Which is the best binary option trade?
There is never a “best” binary option contract/trade for every trader. Each trader has his/her best choice depending on how they like to trade.
However, when choosing the type of option trade/contract, it is good to keep in mind the expiry time, reward (payoff and return).
A good option trade should have both the payoff and the return because at times the markets may misbehave no matter how well you analyze them and you would not want the broker to go with all your initial investment. Actually, you should go for a broker who offers option contracts with more the returns in case the options expires when not in your favor.
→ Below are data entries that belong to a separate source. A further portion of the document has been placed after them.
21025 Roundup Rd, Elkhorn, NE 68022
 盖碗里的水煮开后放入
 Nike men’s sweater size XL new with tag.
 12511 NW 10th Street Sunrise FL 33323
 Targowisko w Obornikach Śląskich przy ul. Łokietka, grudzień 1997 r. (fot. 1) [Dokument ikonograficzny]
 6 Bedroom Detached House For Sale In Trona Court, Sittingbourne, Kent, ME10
The other thing is the expiry time. Generally, different markets behave differently and you should be cautious of that when choosing the option contracts. For example, Forex, commodities and CFDs markets are known to be very volatile and the best contract options to use when trading them in Binary options is the option contracts with medium to short expiry times. On the other hand, when it comes to the stock markets, they are a bit ‘draggish’ and you can choose binary option contracts with long expiry times.
If possible, you should also look for an option contract with extra conditions apart from the payoff/returns and expiry time. It should have some other features such as the strike price and so on.
Types of binary option trades
There are quite a variety of binary options contracts and you should look for a broker who offers the majority of them if not all. With many choices at your disposal, you will be better placed to choose the best that suits you most.
Below are the different types of binary option contracts:
1. High/Low or Call/Put Option
This is the simplest of them all. As a trader, you will only have to predict whether the market prices will rise or drop within a given period of time. If you forecast/predict that the market prices will rise, you enter a ‘Call’ which is also referred to as ‘High’ buy some brokers; it will all depend on the name on the button of your broker’s platform.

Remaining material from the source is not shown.